Down to the last line, print the data that follows exactly, without its pictures.

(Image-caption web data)
▬▬▬
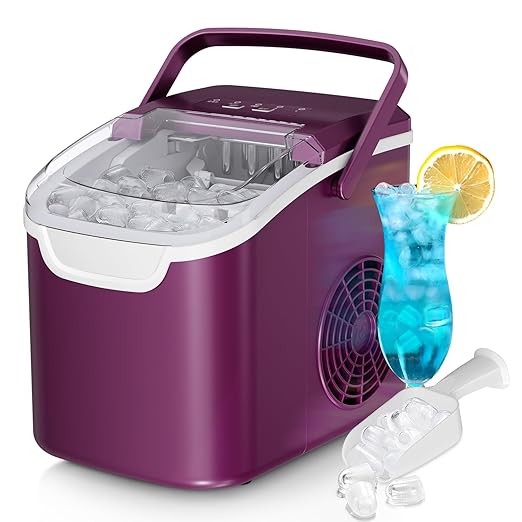Countertop Ice Maker, 26 lbs/Day ice Production, 2 Sizes, 8 ice Cubes in 6 Minutes - Portable Mini, Energy Efficient, with Basket/Scoop for Home/Party/Travel/Camping/Bar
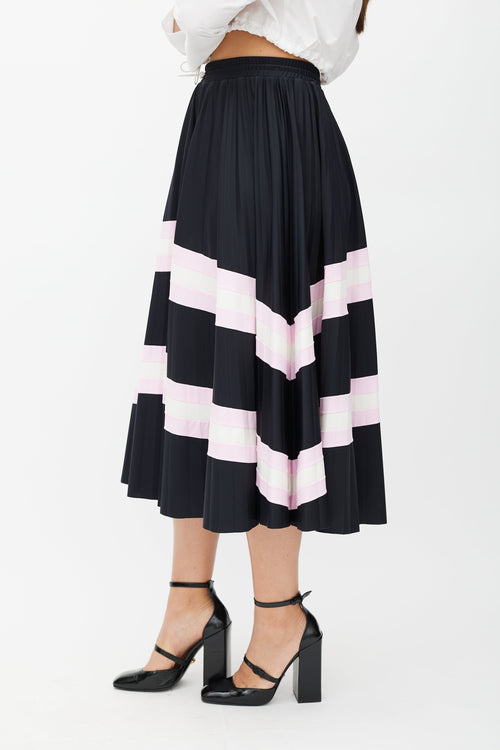 Valentino Black 
Multicolour Stripe Pleated Skirt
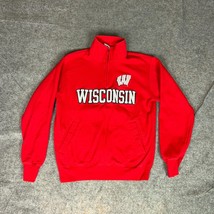 Wisconsin Badgers Mens Pullover Medium Red 1/4 Zip Sweatshirt Champion College - £19.32 GBP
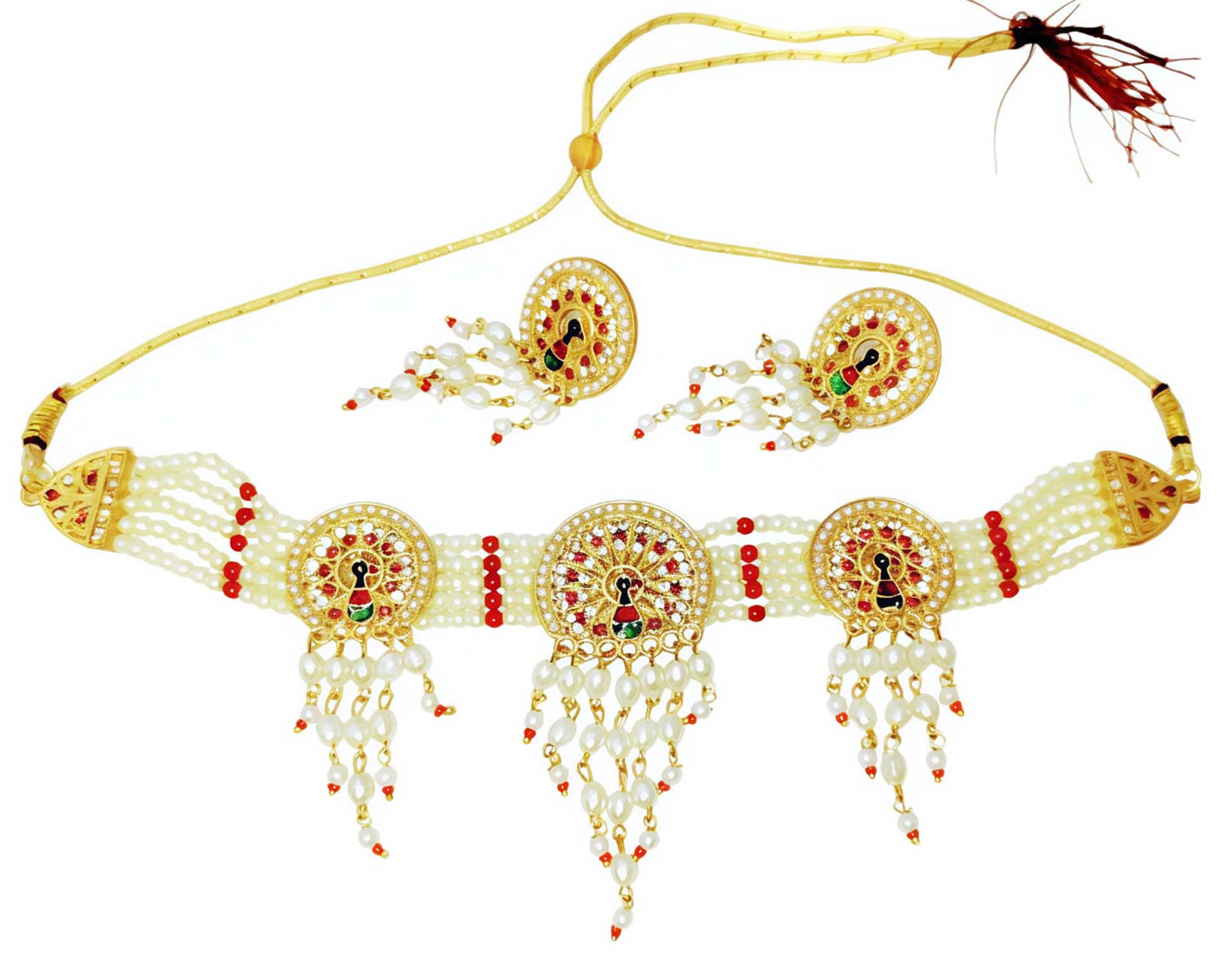 Rajasthani multy colour meenakari round chik / choker set for Women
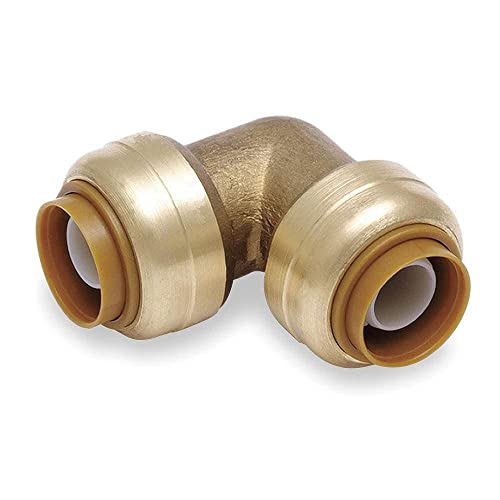 1/2 Inch Push To Connect Fitting 90 Degree Elbow for PEX, Copper, CPVC Pipe, Brass Plumbing Fitting with Stiffener, No Lead 10 in Pack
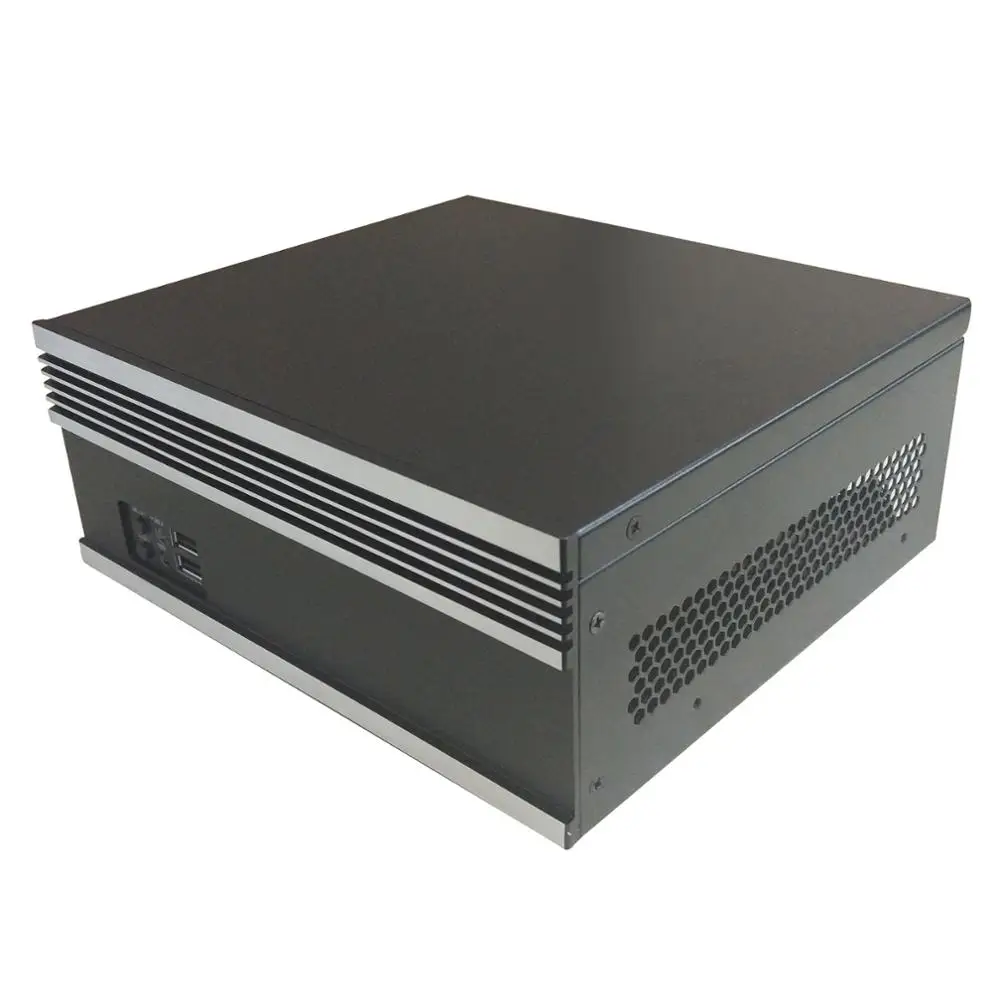 Мини ITX чехол для компьютера HTPC PC ЧПУ промышленное оборудование управления шасси алюминиевая панель Поддержка MINI-ITX материнская плата - Цвет: black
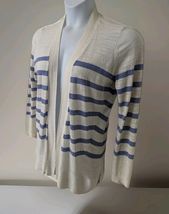 Loft Cardigan Sweater Blue &amp; White Striped Women's Size Small - $14.84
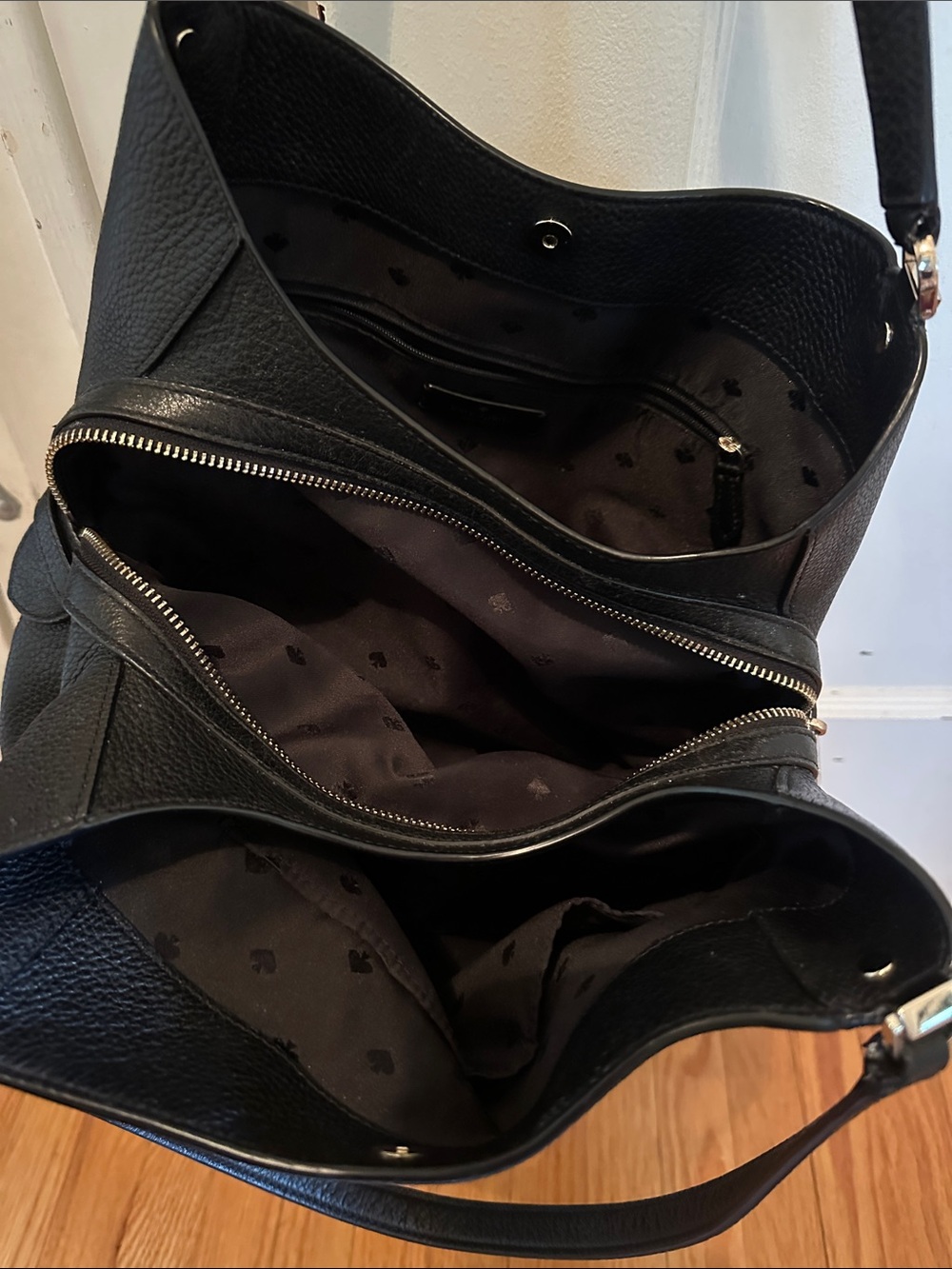 Kate Spade Black Textured Leather Shoulder Bag - Picture 2 of 3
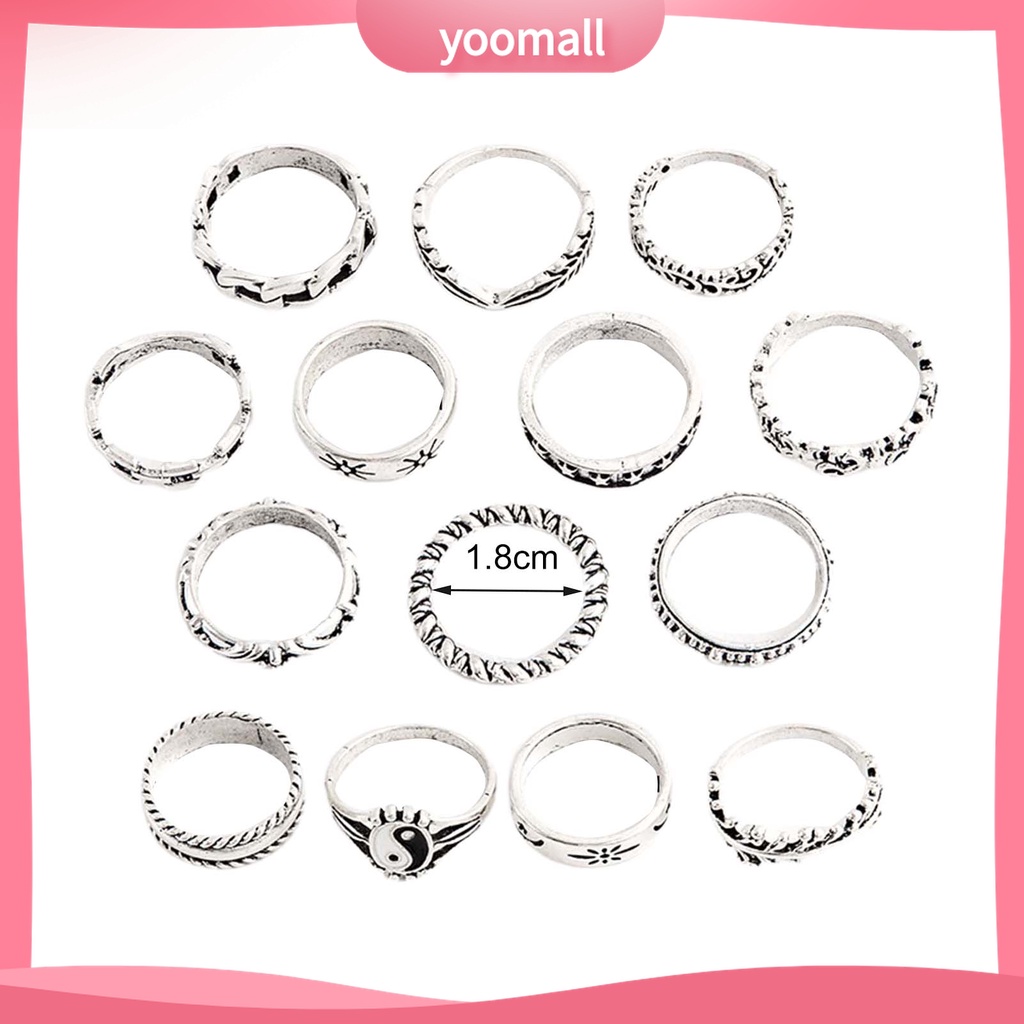 Yomall♡ Set 14 Nhẫn Đeo Khớp Ngón Tay Thời Trang Nữ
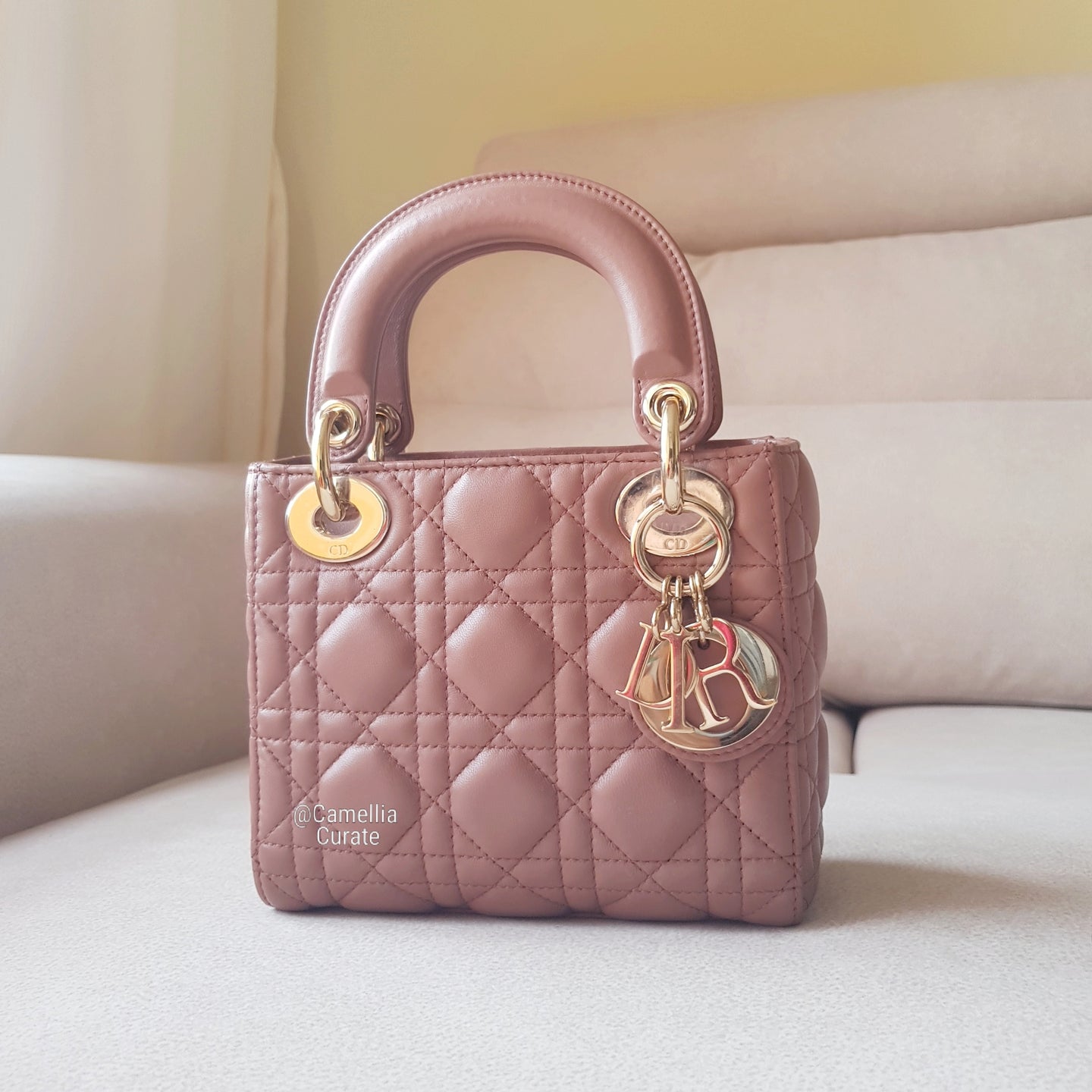 Lady Dior Mini in Petal Brick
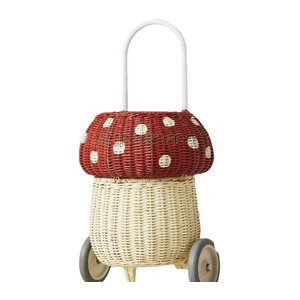 ZJMZYM Rattan Aufbewahrungskorb in Pilzform, mehrfarbig rot, skandinavische Dekoration für Kinderzimmer und Fotografie-Requisiten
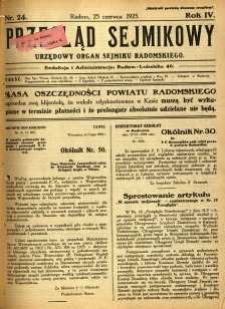 Przegląd Sejmikowy : Urzędowy Organ Sejmiku Radomskiego, 1925, R. 4, nr 24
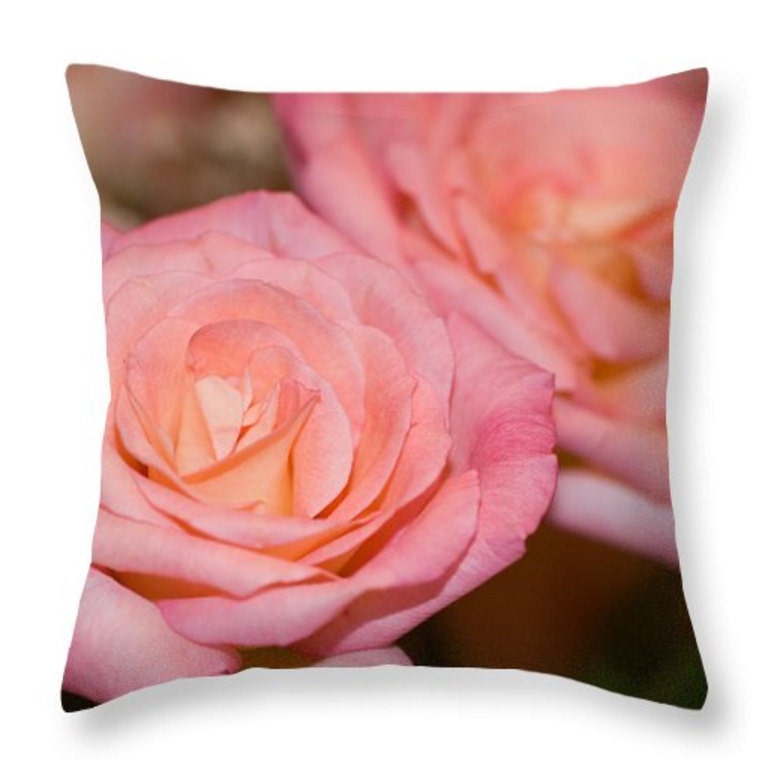 Pink Roses Pillow. Roses Seat Cushion Pink Outdoor Cushion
▬▬▬
**EXERCISE RESULT:**
Countertop Ice Maker, 26 lbs/Day ice Production, 2 Sizes, 8 ice Cubes in 6 Minutes - Portable Mini, Energy Efficient, with Basket/Scoop for Home/Party/Travel/Camping/Bar
 Valentino Black 
Multicolour Stripe Pleated Skirt
 Wisconsin Badgers Mens Pullover Medium Red 1/4 Zip Sweatshirt Champion College - £19.32 GBP
 Rajasthani multy colour meenakari round chik / choker set for Women
 1/2 Inch Push To Connect Fitting 90 Degree Elbow for PEX, Copper, CPVC Pipe, Brass Plumbing Fitting with Stiffener, No Lead 10 in Pack
 Мини ITX чехол для компьютера HTPC PC ЧПУ промышленное оборудование управления шасси алюминиевая панель Поддержка MINI-ITX материнская плата - Цвет: black
 Loft Cardigan Sweater Blue &amp; White Striped Women's Size Small - $14.84
 Kate Spade Black Textured Leather Shoulder Bag - Picture 2 of 3
 Yomall♡ Set 14 Nhẫn Đeo Khớp Ngón Tay Thời Trang Nữ
 Lady Dior Mini in Petal Brick
 ZJMZYM Rattan Aufbewahrungskorb in Pilzform, mehrfarbig rot, skandinavische Dekoration für Kinderzimmer und Fotografie-Requisiten
 Przegląd Sejmikowy : Urzędowy Organ Sejmiku Radomskiego, 1925, R. 4, nr 24
 Pink Roses Pillow. Roses Seat Cushion Pink Outdoor Cushion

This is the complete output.